Dozer Day — actually two days running May 19 and 20 — is the annual Clark County outing that lets small children operate large construction equipment. Held in a massive sand pit at the Clark County Fairgrounds, the event deploys dozens of professionally qualified volunteers to supervise — that is, provide safety-belted laps and help move the literal levers of power — while the kids get to do more than pretend. The volunteers love it, said event planner Renee Nutter. They used to be eager little kids, too.

This year’s Dozer Day has an additional draw for former little kids who have grown bigger and eager to do more than pretend. This is the first time that Dozer Day’s many corporate partners and contributors will host an on-site career fair for job seekers 18 years and older.

If You Go

What: Dozer Day.

• When: 11 a.m. to 4 p.m. May 19 and 20.

• Where: Clark County Event Center at the Fairgrounds, 17402 N.E. Delfel Road, Ridgefield.

• Cost: Tickets $13 for adults; $11 for children 2-12 and seniors 60 and older; free for 2 and younger. Parking is $6 per vehicle, cash only.

• Learn More: Vancouver.DozerDay.org

“Some of our local sponsors, some really great companies, are looking to do some hiring,” Nutter said. Employers such as A&E Construction, Clark County Public Works, Dietrich Trucking, Les Schwab, Northwest Natural, Papé Machinery, PetersonCat, RDO Equipment and Waste Connections will be on hand to talk future employment with visitors — along with Nutter Corp., the family construction company that grew this event.

“Frankly, I wish I was just entering the workforce now,” Renee Nutter said. “Everybody is hiring.”

To make sure job seekers and employers really do meet and mingle, she added, Dozer Day is holding a sneak preview today for 200 students involved with the Geometry in Construction program in Evergreen Public Schools, which combines math on paper with real-world construction experience. Mobility-impaired and special-needs students from Evergreen Public Schools get a preview today, too.

After that, Dozer Day is open to the public from 11 a.m. to 4 p.m. Saturday and Sunday with hands-on heavy equipment, trucks and dozers, fire engines and an ambulance.

Children of all ages can participate. The littlest kids get a lot of hands-on help from volunteers; the oldest kids (adults) even have the chance to try driving on their own.

Children of all ages

Dozer Day started in Wisconsin and was adopted locally first by the nonprofit Parks Foundation (as what turned out to be a prohibitively expensive fundraiser), and then by Nutter Corp., a civil contractor that does heavy construction jobs such as highways, railways and underground infrastructure. Nutter Corp. launched its own Nutter Family Foundation in 2006 to manage Dozer Day and distribute the proceeds to charities benefiting children.

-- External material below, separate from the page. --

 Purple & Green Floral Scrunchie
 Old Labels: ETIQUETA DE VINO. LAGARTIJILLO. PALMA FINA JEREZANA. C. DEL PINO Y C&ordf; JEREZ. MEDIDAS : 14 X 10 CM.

The foundation’s goal of distributing $1 million to charities used to seem like a pipe dream, Renee Nutter said, but the total generated by Dozer Day for nonprofit groups such as local Boy Scouts, the Hough Foundation, Open House Ministries and the YWCA now stands at $1,208,363.91.

Dozer Day has even become a successful franchise, with licensed sister events now held in Yakima (earlier this spring) and Puyallup (on June 2 and 3). The Nutter Foundation is hunting for more interested licensees across the nation, and Nutter said she’s expecting corporate visitors from Idaho, Nebraska and as far away as Florida who want to see how this year’s event works.

“Construction isn’t going away,” Nutter said. “Computers may be taking over in some fields, but they’re not going to take construction over. There’s always going to be a need for people.”